La Sirène (p. 85-88).


XVIII



PEUT-ETRE aurais-je mieux fait de ne pas connaître cet homme… Là, devant moi, s’étendait le frémissement de l’Aventure. C’était le monde du vaste silence, vide de tout, sauf de la vie.

Mais où commence, où s’arrête la vie ?

Les coudes appuyés aux genoux, l’Indien semblait réfléchir, penché dans son attitude coutumière. Il dressa la tête, prêt à parler, fit un geste de découragement, comme si les mots qu’il allait dire ne pouvaient rendre sa pensée.

— Ce n’est pas assez de vivre… Tout ce qui vit a une conscience. Quelle différence vois-tu entre une bête, une plante et une machine ?

Il s’arrêta. Sa main brune et décharnée désignait une herbe grasse qui se dressait devant nous comme un nid de serpents surpris. Il se leva, ouvrit une feuille enroulée. A l’intérieur, il y avait une boule noire. La feuille se détendit lentement à la lumière et reprit sa position normale.

Il examinait maintenant avec attention la boule dans le creux de la main.

— C’était une mouche ou peut-être une araignée… La feuille ne se serait ouverte qu’après avoir assimilé complètement l’insecte… Une brindille de bois, une goutte de pluie peut tomber sur la plante qui ne se refermera pas… Parce qu’elle est sans yeux, sans oreilles et sans cerveau, crois-tu que cette feuille n’a pas une conscience qui éclaire et guide sa vie ?

— …

— Et toi, qu’es-tu ? Ta raison n’est pas différente de celle de la plante qui tue et mange une proie ?

Des voix s’élevaient qui semblaient répondre à sa voix.

C’étaient les voix des humbles plantes qui nous entouraient dans l’obscure maison de la jungle.

Les faibles murmuraient d’ardentes protestations. On les voyait user d’astuce dans la lutte contre les géants et les parvenus de la Forêt.

Vers le rayon de lumière qui tombait entre deux cèdres, toutes les pousses se tendaient comme des mains de prisonniers vers le soupirail du cachot.
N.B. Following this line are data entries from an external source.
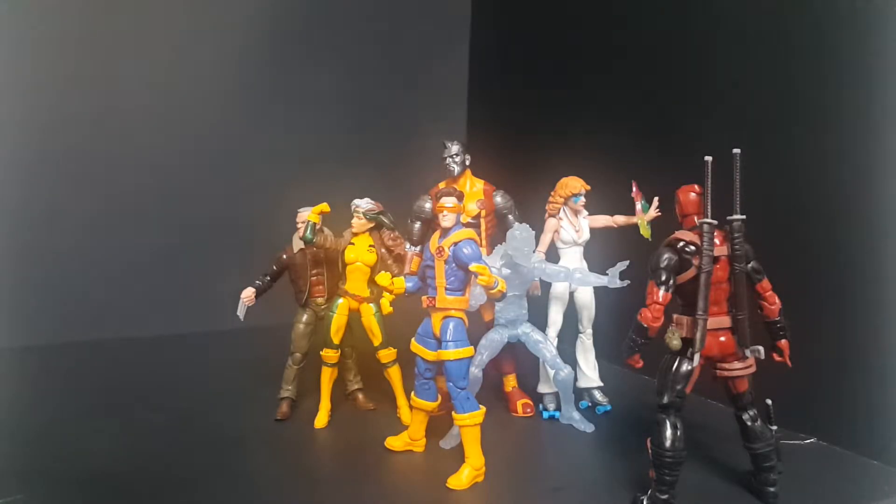Hi everyone, Power Turtle Buster here, and today we are going to be looking at the Marvel Legends Jim Lee X-Men.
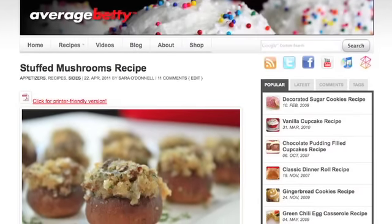Remember, if you're enjoying these at a party, just be sure to have plenty of breath mints or good friends nearby. Get the stuffed mushroom recipe at AverageBetty.com. Keep those recipe requests coming!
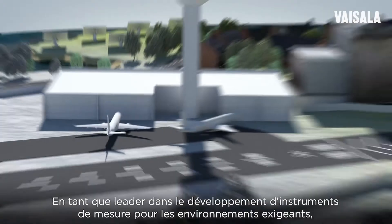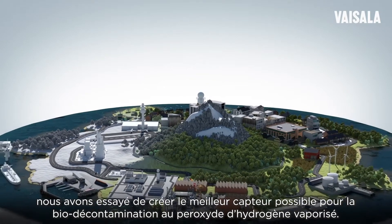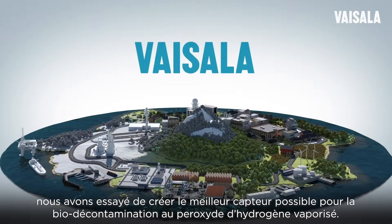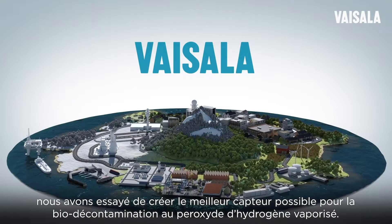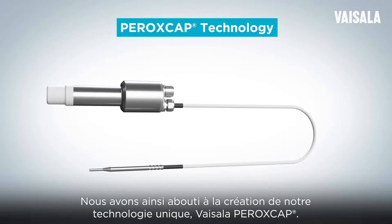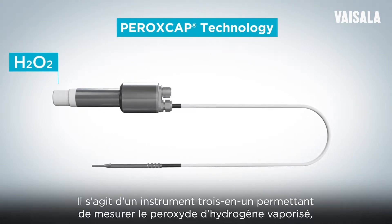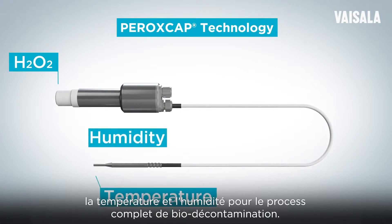As a leading developer of measurement instruments for demanding environments, we set out to create the best possible sensor for vaporized hydrogen peroxide biodecontamination. The result is our unique Vaisala Peroxcap technology — a three-in-one instrument for measuring vaporized hydrogen peroxide, temperature, and humidity for the entire biodecontamination process.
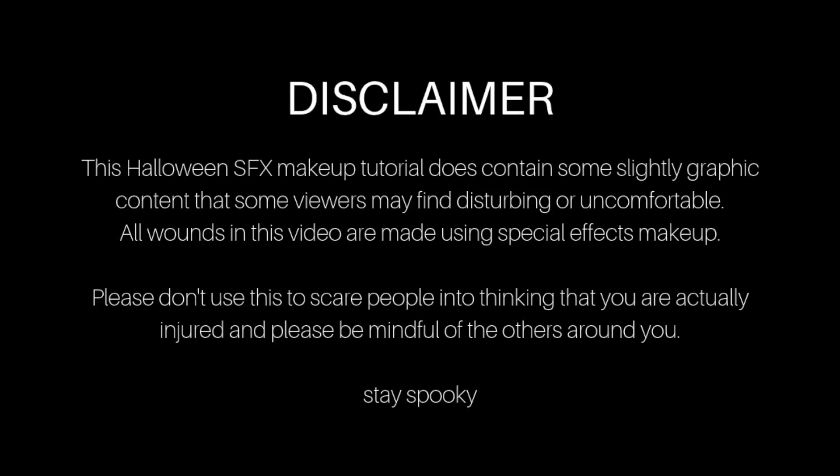Just a quick disclaimer: this SFX makeup tutorial does contain some slightly graphic content that some viewers may find disturbing or uncomfortable. Everything is made with SFX makeup. Please view at your own discretion.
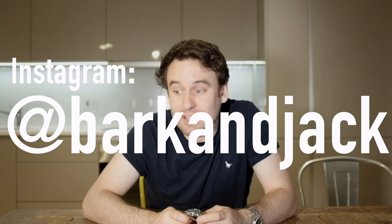I hope you liked this video. Give us a thumbs up if you did, subscribe to the channel down here and check out some of the other videos I've got going on. Find us on Instagram at Barking Jack, and I will see you next time. Take care.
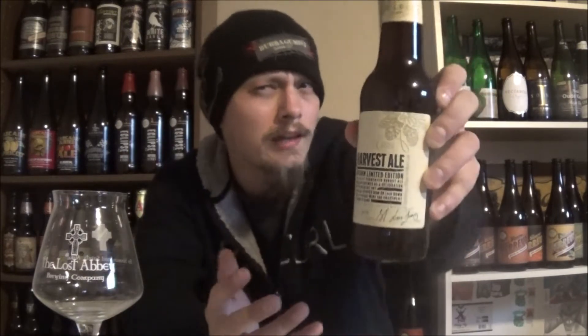It's an English old ale, barley wine, something like that, coming in at 11.5% alcohol by volume. I've heard some awesome stuff about this beer, but I've also heard the 2012 vintage is the weakest of all the vintages. So yeah, excited to see what this beer has in store.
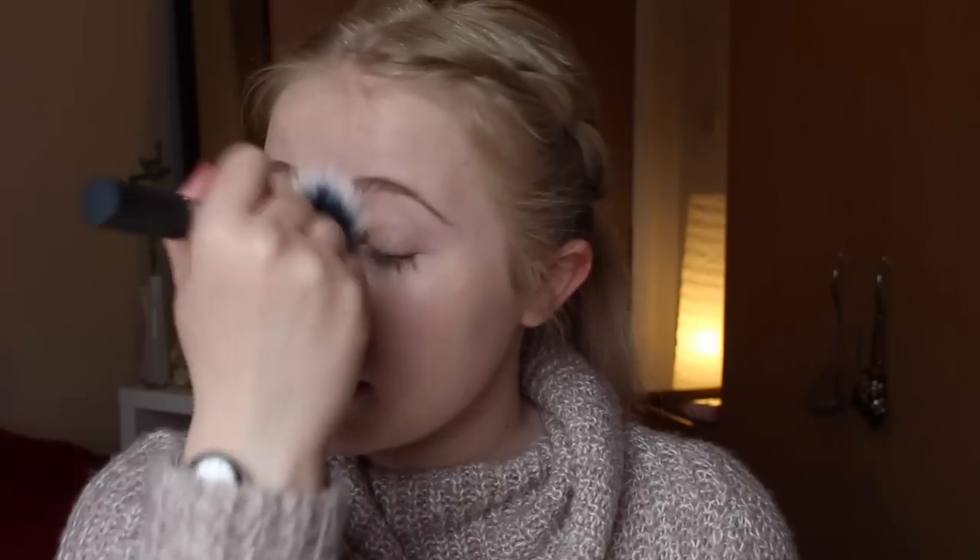Doing it this way — giving it the time to set — makes it less cakey, because I know some people have said that this foundation is quite cakey. But if you just leave it to have a breather for a couple of minutes, it does okay. Then I take my Laura Mercier Secret Brightening Powder and use the Miracle Complexion Sponge to pat that under the eyes. Looks great when it's like this — I can see in my viewfinder though, I just look like I have wide bags.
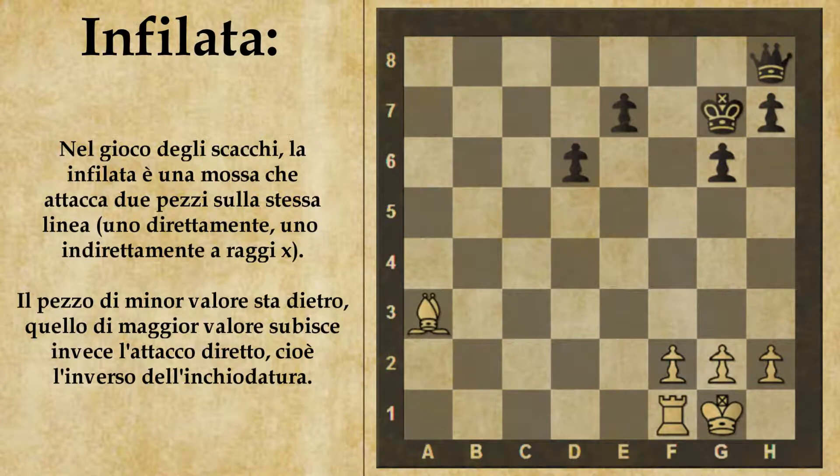In questo esempio leggermente diverso, abbiamo aggiunto il pedone D6 per il nero, e vediamo come stavolta l'infilata non funzioni. Dopo alfiere B2, il nero può giocare E5, interponendosi sulla linea d'attacco dell'alfiere. Stavolta il pedone è difeso dal pedone D6, quindi il bianco non potrà fare più nulla. Questa manovra di interporre pezzi sulla linea d'attacco funziona sia contro l'infilata, come abbiamo visto ora, che contro l'inchiodatura, come visto nel video precedente.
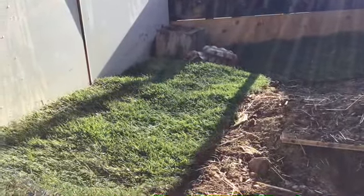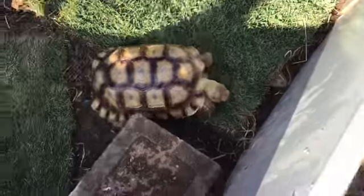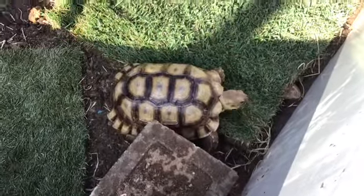As you guys can see, Grayson is already enjoying the grass. I mean, it's not the best job but it will definitely work — it's decent. He's definitely going to have fun sitting and grazing in there. Good boy Grayson, just don't eat all of it, okay bud.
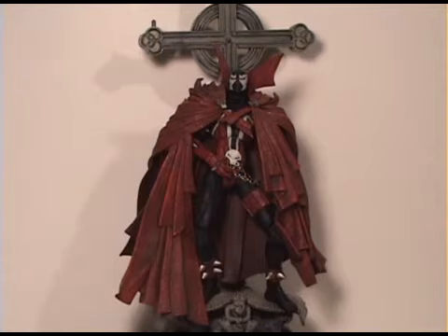Welcome back everyone. Today I have a special review featuring Spawn. This is the 10th anniversary Spawn from Image, and thanks to my buddy Joe letting me borrow him for this review, we have the 10th anniversary Spawn.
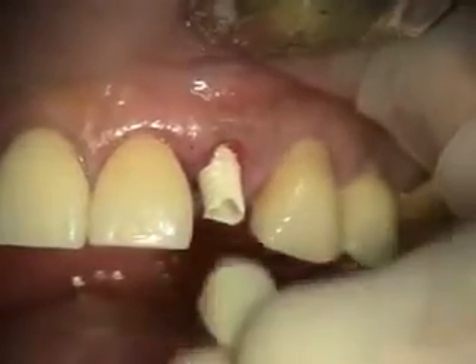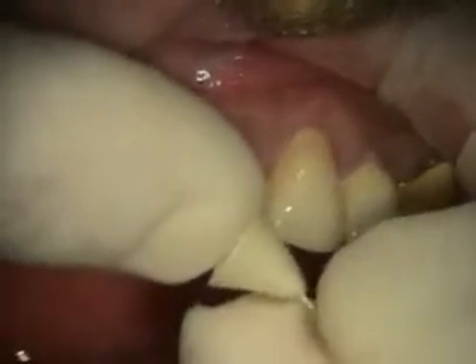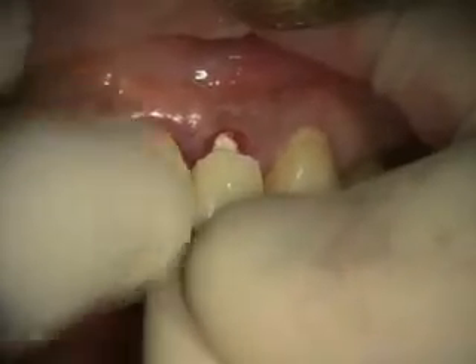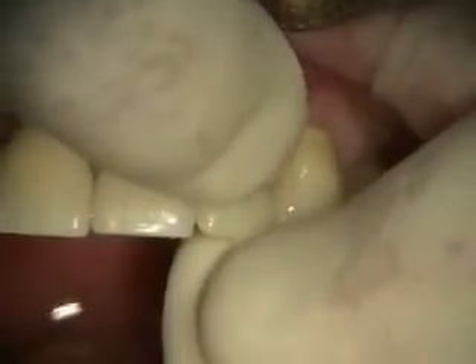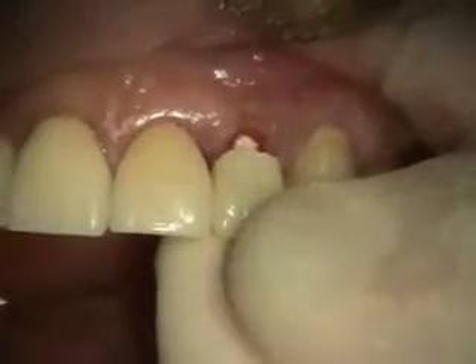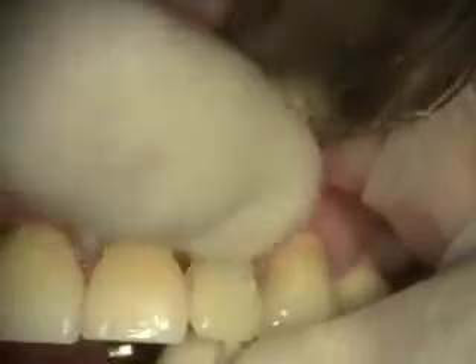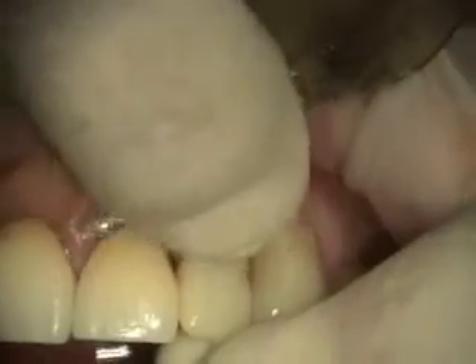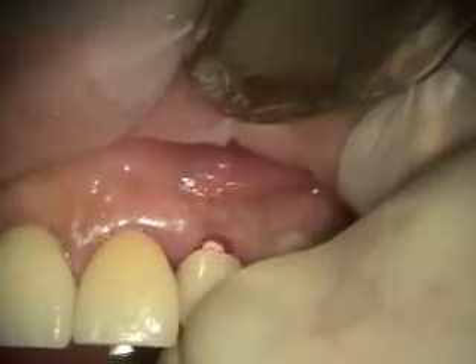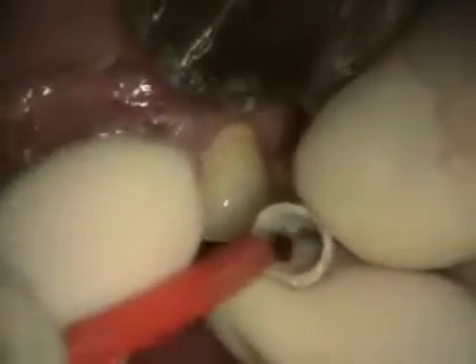We've got our abutment shaped and I trimmed our polycarbonate crown. Got the contacts checked. We're going to be straightening that incisal edge out so it looks a little more like the other lateral, but we're going to make it a little bit shorter just to keep it out of occlusion. And it allows the composite to bond.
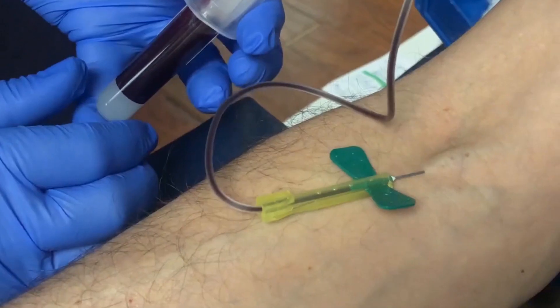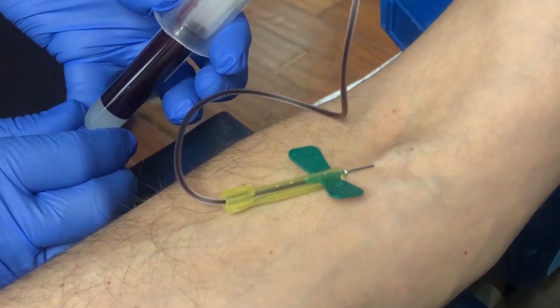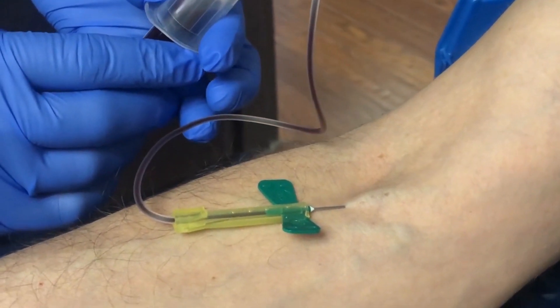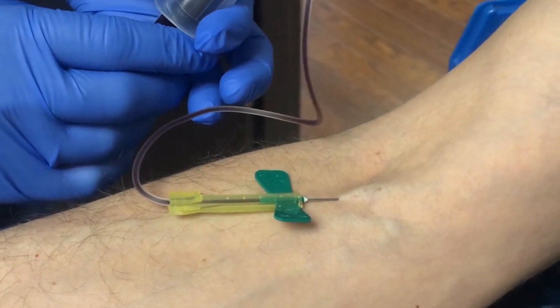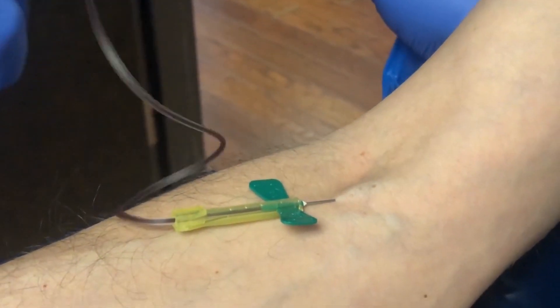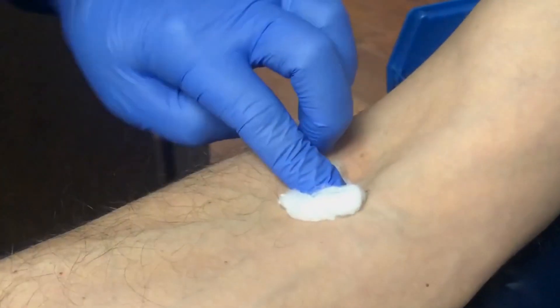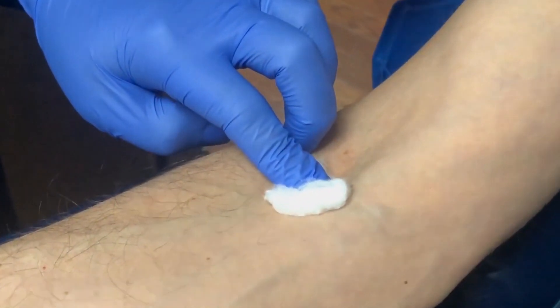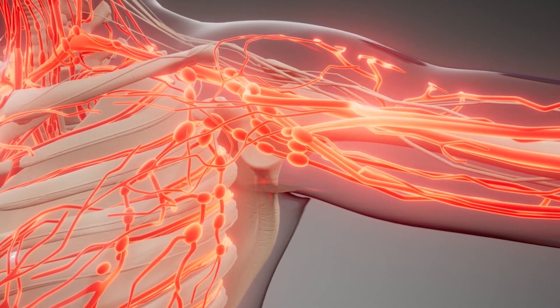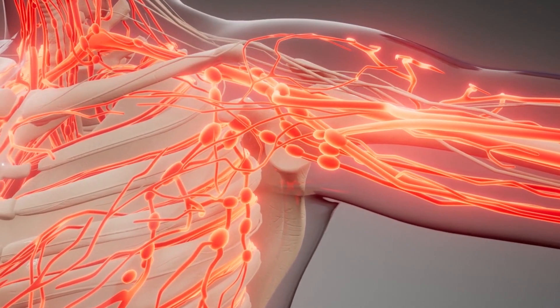Push the needle with the bevel facing up firmly and deliberately into the vein. If the needle is in the vein, blood will flow freely into the tube until the vacuum is exhausted. If no blood enters the tube, probe for the vein once or twice until entry is indicated by blood flowing into the tube.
Quels patients calculs… quels efforts de logique et quelles ruses pour échapper à la domination des puissants, pour ramper du sol gluant aux terrasses vertes du toit de la jungle sur quoi s’étale le soleil…

La pénombre faisait une nuit merveilleuse dans l’immense parvis de la forêt. La lumière était presque semblable à celle d’un jour d’automne, mais plus douce. Très loin, on entendait les soupirs des bêtes, le clapotement de l’eau du lac et des voix graves, sourdes, qui semblaient raser le sol.

Le monde m’apparaissait maintenant tout différent.

Qu’étais-je en somme dans ce pullulement d’êtres ? Je voyais que la vie était partout et que l’âme des choses que je croyais inertes dominait ma propre conscience.

Il eût mieux valu pour moi ne pas avoir connu cet homme. Ses yeux étaient comme des phares qui pénétraient la nuit de la vie.

Je me détournai soudain avec un rapide battement de cœur. Marthe était là, rieuse, cherchant querelle au Peau-Rouge.

Elle s’agrippa des deux mains à une liane qui céda sous son effort. Elle put ainsi cueillir une orchidée géante aux reflets d’opale.

Quand elle eut dans les mains la fleur monstrueuse, elle déchira lentement les larges pétales gras.

— Tu as détruit de la beauté…

— Et de la vie…

Marthe souriait, légère et radieuse dans l’encadrement de la liane abattue. Cependant, une voix montait du sol :

— J’avais, pour vivre, vaincu la nuit et les longs jours de sécheresse. Maintenant, l’acajou généreux qui me donnait sa sève a perdu sa parure… la lumière ne reflétera plus en moi l’arc-en-ciel, doré, mauve, vert et rouge.

Et voici que d’autres voix de plantes se joignirent aux lamentations de l’orchidée agonisante :

— Pourquoi as-tu détruit la beauté, la vie et l’âme de la fleur merveilleuse ?

— …

— Tu as tué sans raison…

Mais Marthe, indifférente, suivait les ébats d’un tatou, dont le museau, en forme de trompe, reniflait sur le sol l’orchidée déchirée.

Le tatou revêtu d’une carapace rose ressemblait à un petit porc en porcelaine. Il allait avec des gestes raides d’automate. Bardé d’ivoire et de corail, semblable à un bibelot chinois, il parut déconcerté de sa trouvaille et rebroussa chemin.

Marthe le prit dans ses bras.

— La chair du tatou est délicieuse, dit-elle ; elle est blanche et tendre. Je garderai la carapace avec laquelle on fait des peignes qu’aucune écaille ne peut égaler.